### [What is needed]
Please write out exactly the line containing "Ремінець для годинника" below and every line after it, through the last one, but leave out any pictures.
★ ★ ★
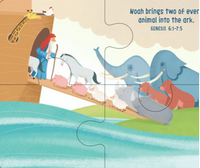 Bible Story Puzzle Play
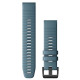 Ремінець для годинника Garmin - QuickFit 22mm, Silicone Band, Lakeside Blue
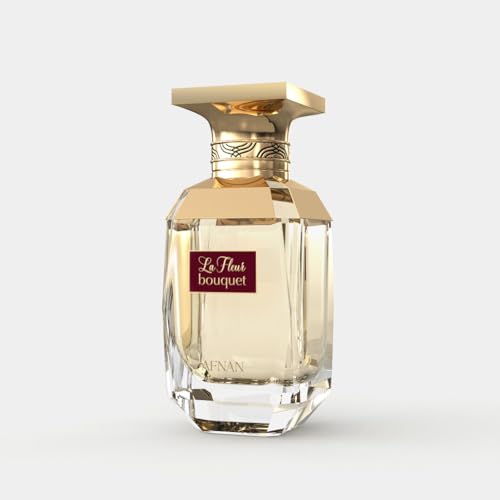 Afnan La Fleur Bouquet Jasmine shot highlighting bright opening for daytime confidence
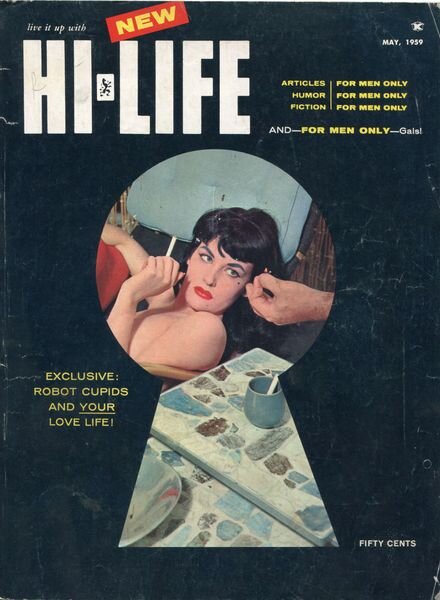 Hi-Life – Vol 1 n. 5 May 1959 Cover
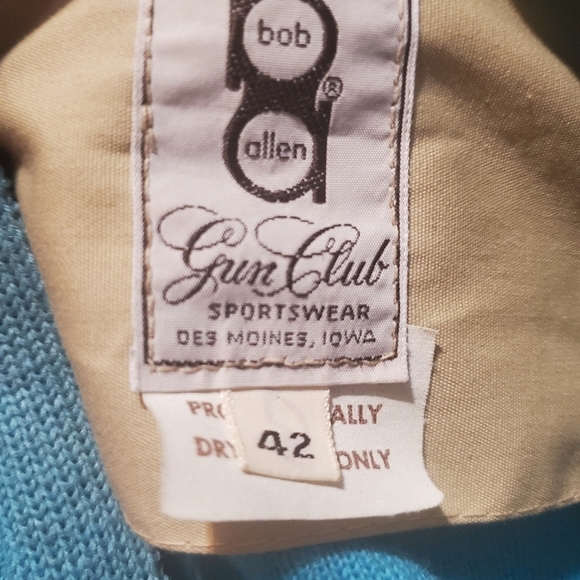 𝅺VINTAGE Bob Allen Shooting Sweater - Picture 5 of 5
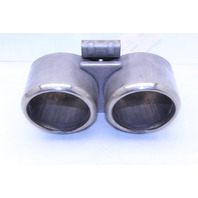 2003 2004 Porsche Boxster 3.2 EXhaust Muffler Tip OEM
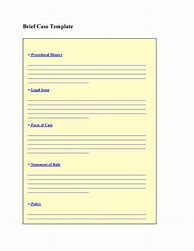 Image result for Template for Case File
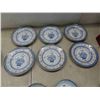 Image 2 : Rice Grain Porcelain Plates, Bowls & Spoons 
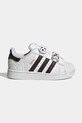 adidas Originals sneakers pentru copii SUPERSTAR II mic de statură alb IH1744
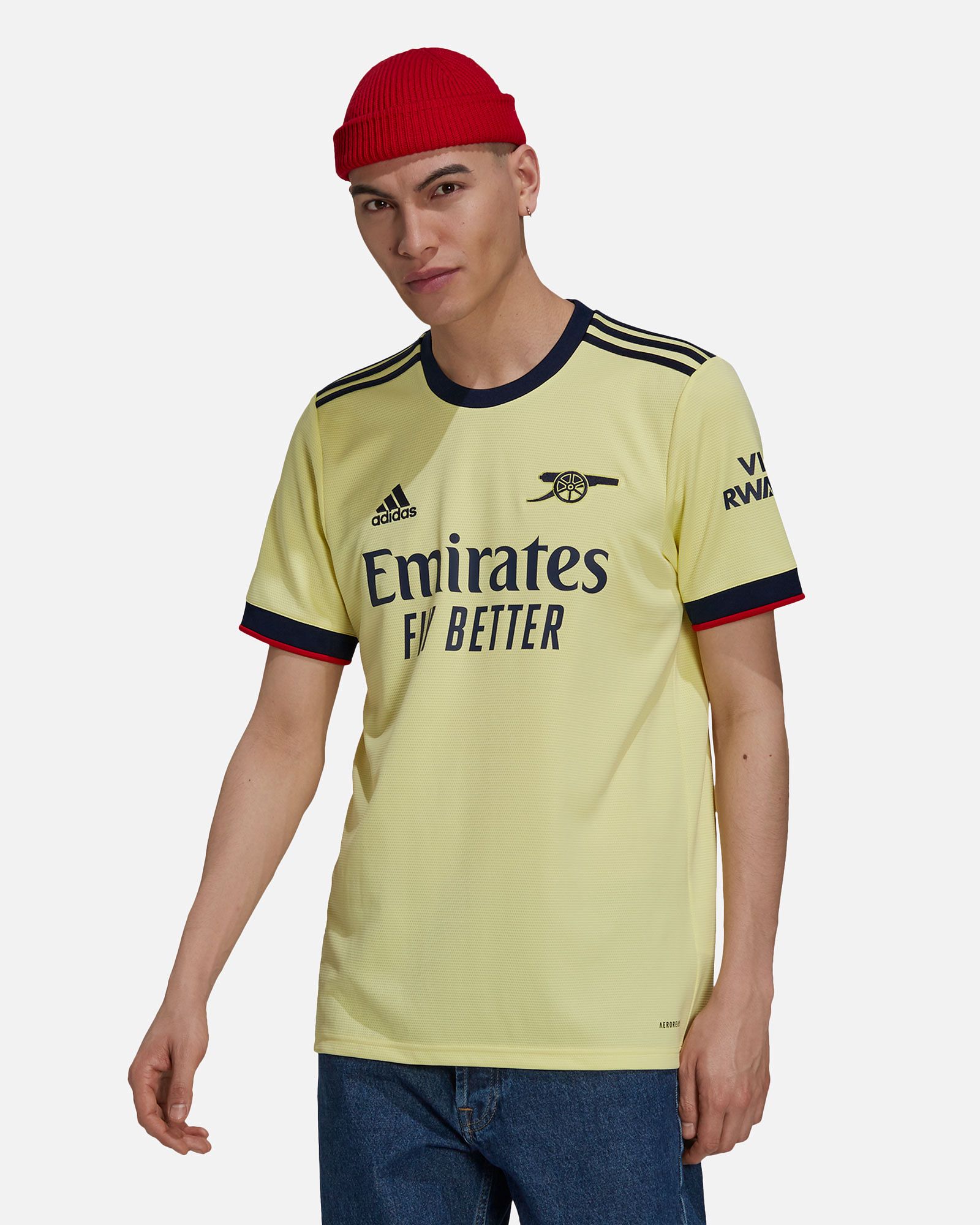 Camiseta 2ª Arsenal FC 2021/2022 - Fútbol Factory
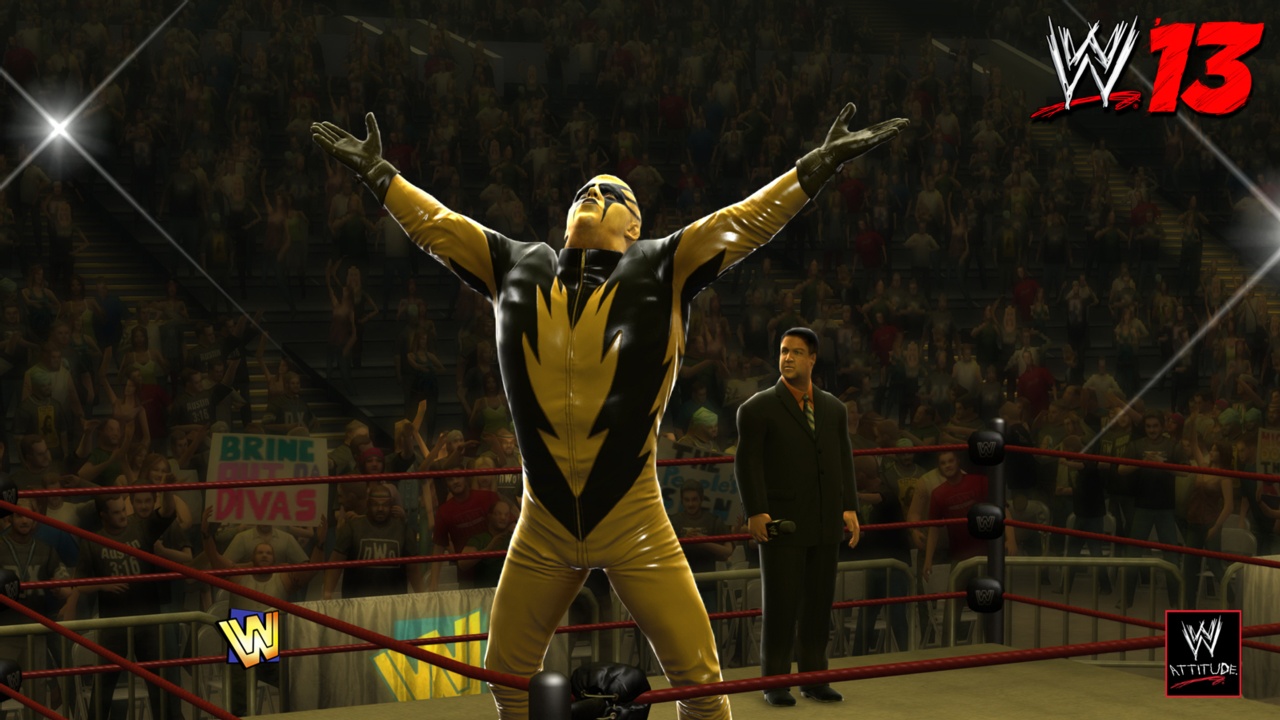 Скриншот из игры WWE '13 - 104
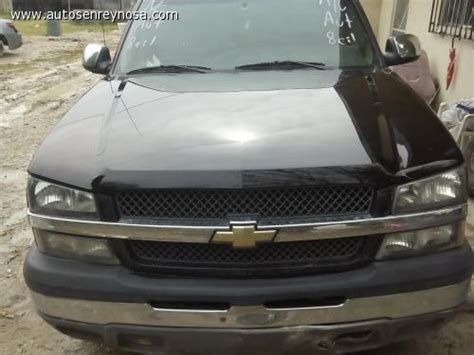 Chevrolet Silverado 2003 Excelentes Condiciones Barata Autos En Reynosa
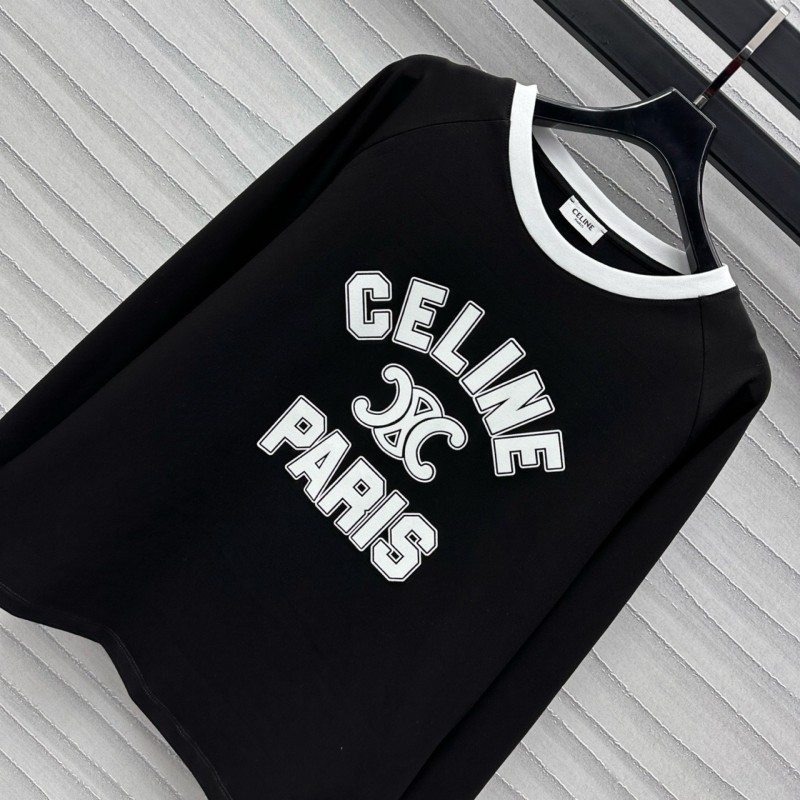 Celine Long Sleeves Tee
★ ★ ★
### [Final answer]
 Ремінець для годинника Garmin - QuickFit 22mm, Silicone Band, Lakeside Blue
 Afnan La Fleur Bouquet Jasmine shot highlighting bright opening for daytime confidence
 Hi-Life – Vol 1 n. 5 May 1959 Cover
 𝅺VINTAGE Bob Allen Shooting Sweater - Picture 5 of 5
 2003 2004 Porsche Boxster 3.2 EXhaust Muffler Tip OEM
 Image result for Template for Case File
 Image 2 : Rice Grain Porcelain Plates, Bowls & Spoons 
 adidas Originals sneakers pentru copii SUPERSTAR II mic de statură alb IH1744
 Camiseta 2ª Arsenal FC 2021/2022 - Fútbol Factory
 Скриншот из игры WWE '13 - 104
 Chevrolet Silverado 2003 Excelentes Condiciones Barata Autos En Reynosa
 Celine Long Sleeves Tee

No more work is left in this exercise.